During analysis, we found that the perception of loneliness among participants was related to the duration of bereavement and their own life stages. As 73% of the first stage participants had been grieving for less than 10 years, and 67% of them were aged below 65, we aimed, in the second stage, to recruit more participants who had been grieving for more than 10 years, and were aged 65 and over to expand our research scope. We contacted potential participants living in Wuhan and Shanghai from our previous research networks. Data collection adopted a similar interview protocol to Stage 1 but focused more on the staged characteristics of loneliness perception and experience and changes in participants’ perceptions over time. After 12 interviews, data saturation was reached (Charmaz, 1996). Interviews were conducted between June and August 2019, ranging from 55 to 120 min, averaging 80 min.
This study received ethical approval (PAS1901-05). We acknowledged that our interview might cause distress, and therefore, made it clear that participants could withdraw at any time or opt to not answer any questions. We assigned numbers to participants and kept research materials in a locked drawer and password-protected disk to ensure anonymity and confidentiality.
Data Analysis
Interviews were conducted in Chinese and transcribed verbatim to Chinese text. Data analysis was an iterative process along with data collection; memos were kept throughout the research process, exploring theoretical possibilities through analytic, conceptual, and theoretical notes (Thornberg & Charmaz, 2014). We followed a multistep data analysis technique including initial coding, focused coding, and theoretical coding outlined by Thornberg and Charmaz (2014).

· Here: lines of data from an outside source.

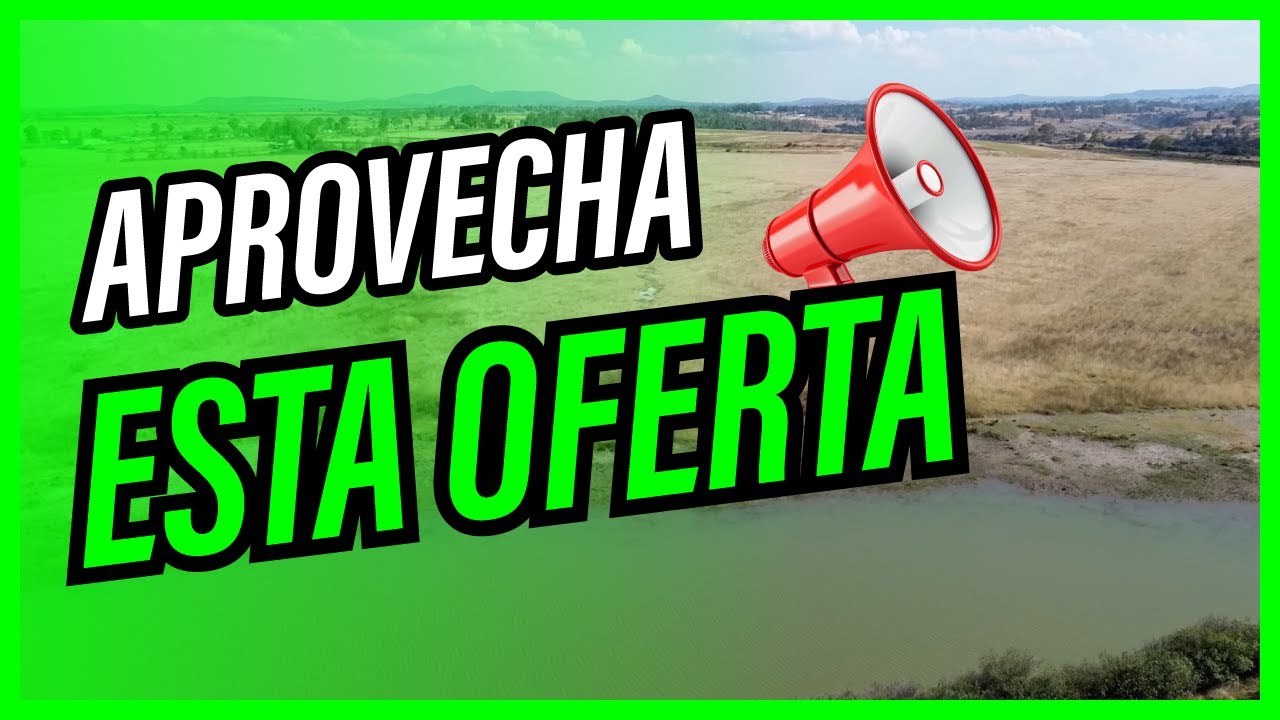 ¡SOLO $19 PESOS EL METRO! 😱 105 Hectáreas en Aculco, Edomex Hectáreas en Aculco, Edomex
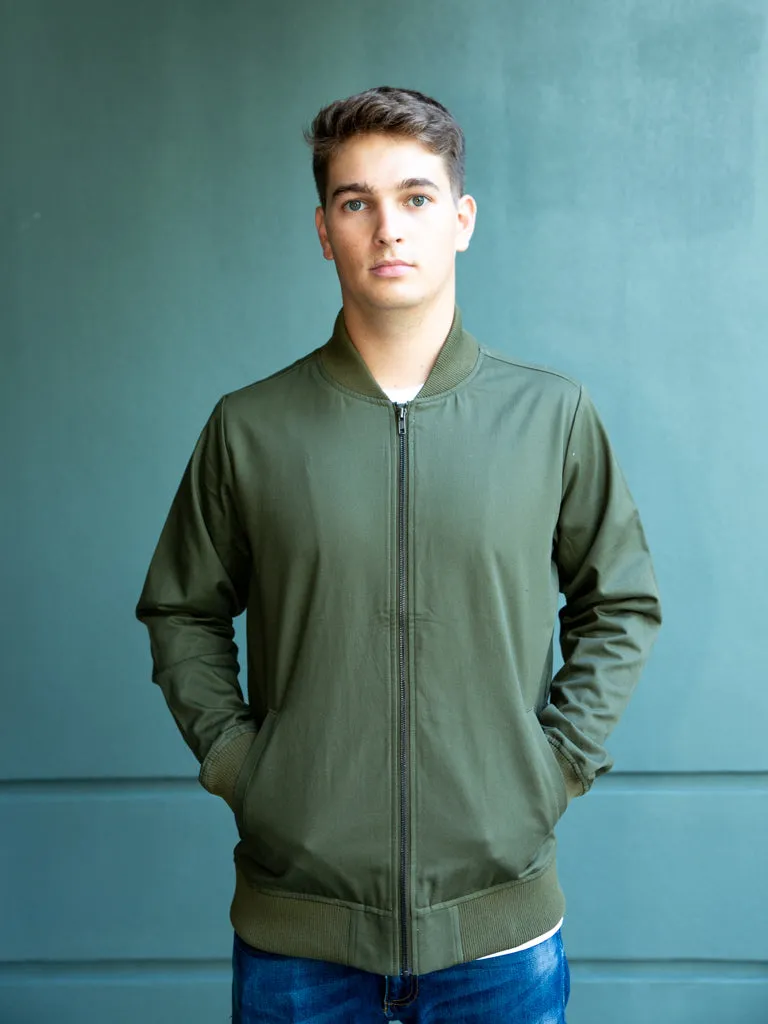 NL Address Bomber Jacket
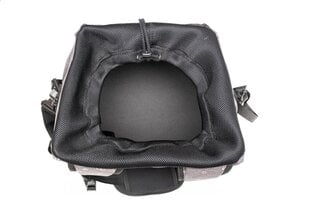 Велосипедная сумка Amibelle для собак "Figa Silver 3 in 1", 35 х 27 х 32 см цена и информация | Аксессуары для путешествий | 220.lv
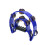 Half Moon Tambourine Double Metal Percussion Instrument 1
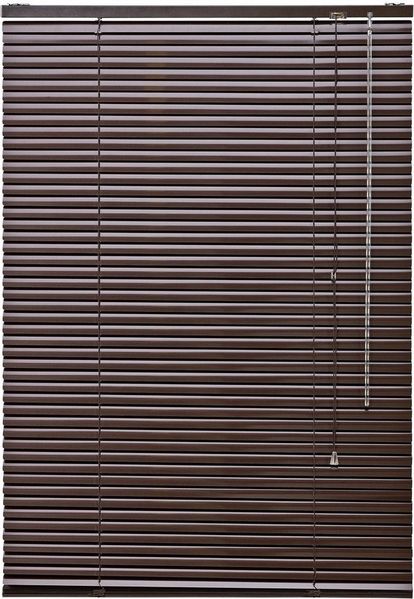 Liedeco Jalousie Aluminium-Jalousie, mit Bohren, freihängend, Aluminium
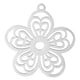 thumbnail image 1 of Colgante con dije de flor para manualidades DIY para mujeres y niñas, suministros de decoración para joyería Argén, 1 of 8
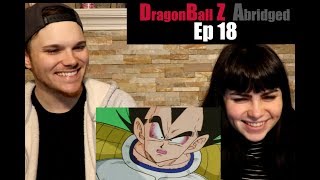 DragonBall Z Abridged Episode 18 Group Reaction. Angry Vegeta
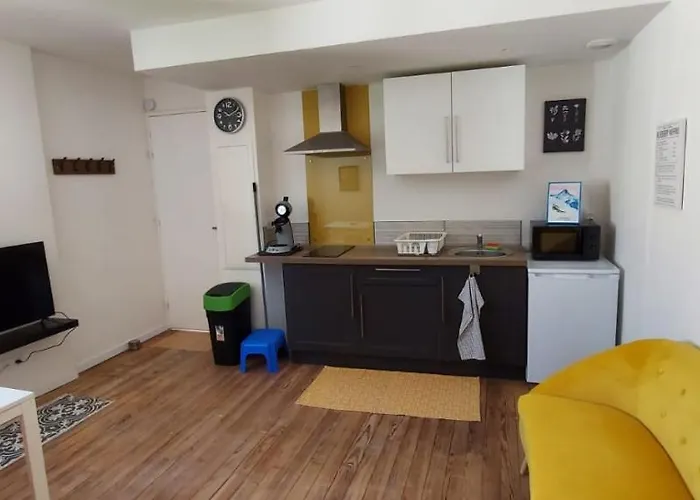 Apartment T1 Bis Cosy Proche Gare *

Initial line-by-line coding was conducted independently by both authors. Constant comparative methods were used to compare data with data, data with code, and code with code, to sort and cluster codes. Codes of similar meanings were merged for higher-level codes. After completing the initial coding, we discussed the final coding structure and selected one core category (loneliness trajectories) which we believed made the most analytic sense and established a set of focused codes around this category. These codes guided our second-stage theoretical sampling to collect more appropriate cases for further exploration. After focused coding with all transcripts, we explored possible relationships between categories and developed theoretical codes such as causes, stages, and consequences to summarize participants’ staged development of loneliness trajectories.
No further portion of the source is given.